Provided data =
= = = = =

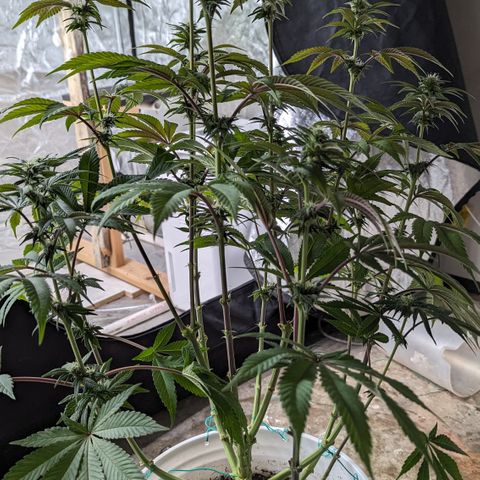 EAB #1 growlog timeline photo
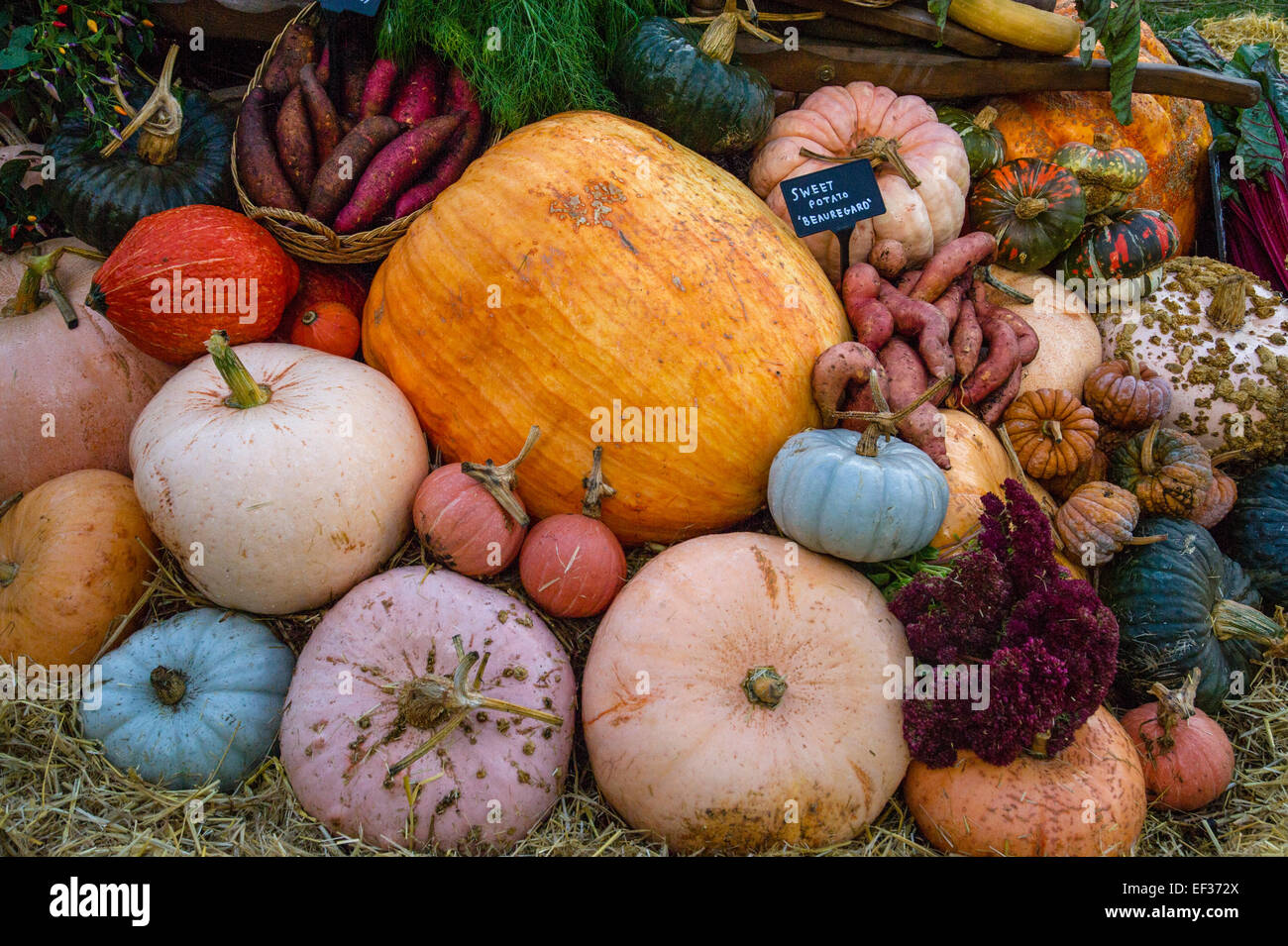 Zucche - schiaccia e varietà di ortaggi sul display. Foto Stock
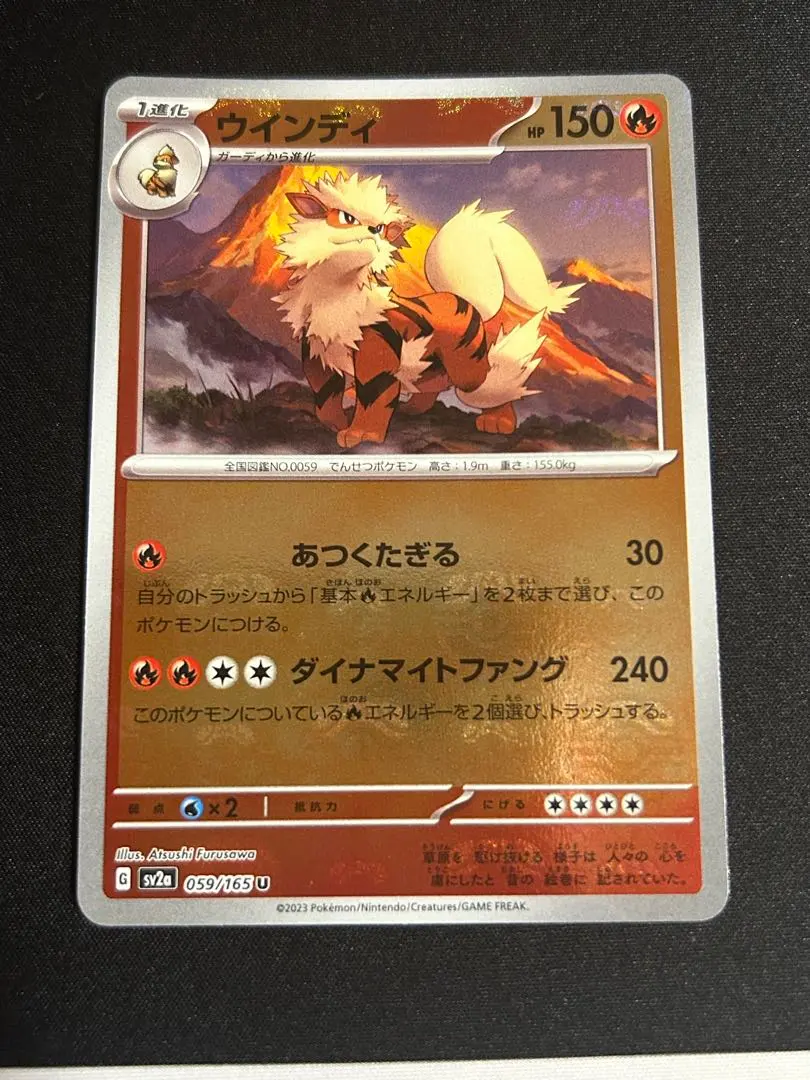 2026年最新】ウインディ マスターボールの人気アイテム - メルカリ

= = = = =

The problem = Keep the pictures out while you retype all of the data above exactly as it appears.

Answer to this exercise =
 EAB #1 growlog timeline photo
 Zucche - schiaccia e varietà di ortaggi sul display. Foto Stock
 2026年最新】ウインディ マスターボールの人気アイテム - メルカリ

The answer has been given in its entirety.